The presumptive diagnosis of PD
can be based on the presence of the central triad of parkinsonism—tremor, rigidity, and bradykinesia—in the absence of a toxic or other known underlying etiology.
The clinical syndrome of parkinsonism combines:
diminished facial expression (often termed masked facies)
stooped posture
slowing of voluntary movement
festinating gait (progressively shortened, accelerated steps)
rigidity
“pill-rolling” tremor
This impression is confirmed by symptomatic response to l-DOPA replacement therapy.
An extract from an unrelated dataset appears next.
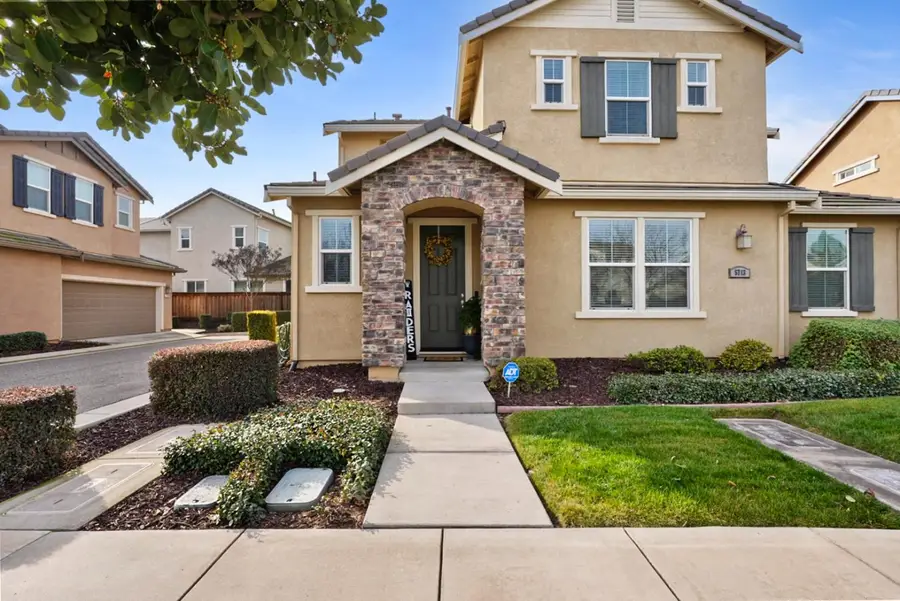 5713 Antique Rose Way, Riverbank, CA 95367 - Image #2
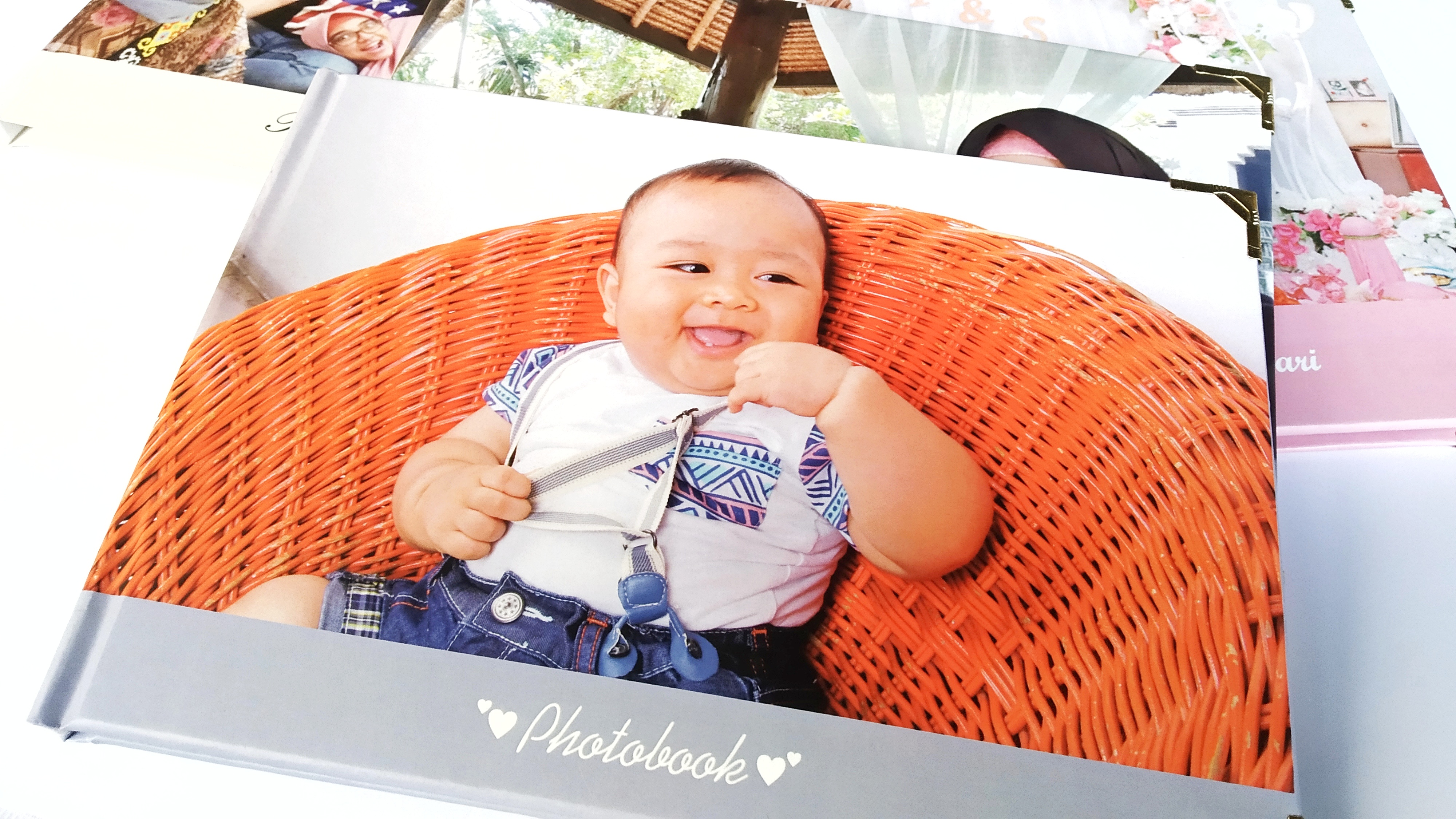 Photobooks albums | custom photobooks | BTS photobooks | Exo photobooks | photo decorations | albums |…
Deep brain stimulation (DBS
In DBS, electrodes implanted into the subthalamic nucleus or inner part of the globus pallidus provide electrical stimulation to these and surrounding structures. This stimulation induces physiological and chemical changes that ameliorate some of the motor symptoms of PD by a poorly understood mechanism. Unilateral tremor and rigidity may also respond to stereotactic ablation of the contralateral globus pallidus, ventrolateral thalamus, or subthalamic nucleus.